[DATA RECORDS]

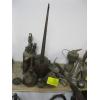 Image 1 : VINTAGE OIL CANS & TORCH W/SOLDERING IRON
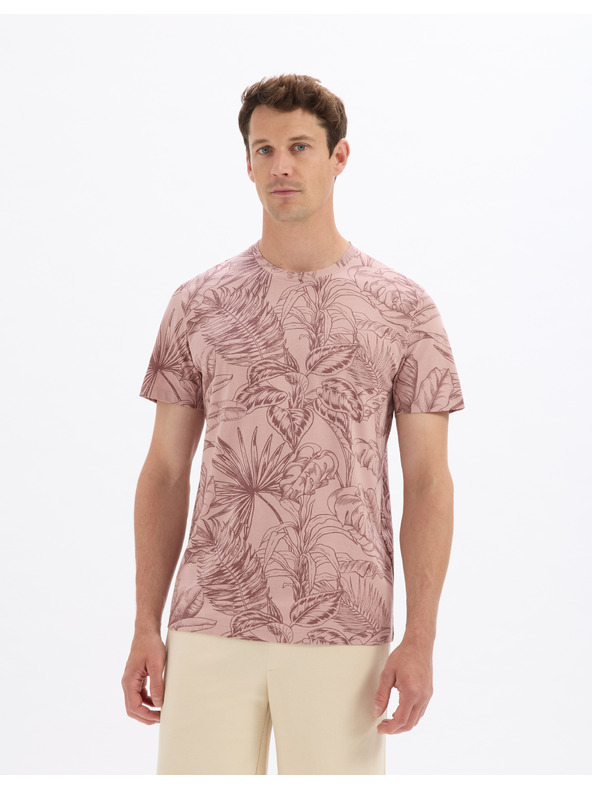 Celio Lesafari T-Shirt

[/DATA RECORDS]
[DATA RECORDS]

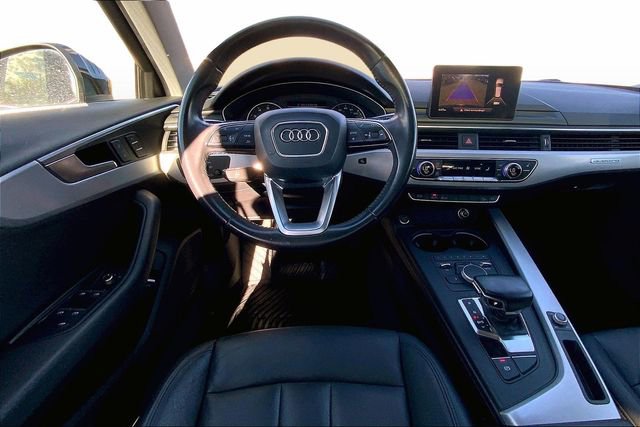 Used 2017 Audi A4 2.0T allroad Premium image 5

[/DATA RECORDS]

• EXERCISE:
Range to copy from the listing above: the line with "Image 1 : VINTAGE" through the line with "Celio Lesafari T-Shirt". Transcribe it exactly and skip the pictures.

• REPLY:
 Image 1 : VINTAGE OIL CANS & TORCH W/SOLDERING IRON
 Celio Lesafari T-Shirt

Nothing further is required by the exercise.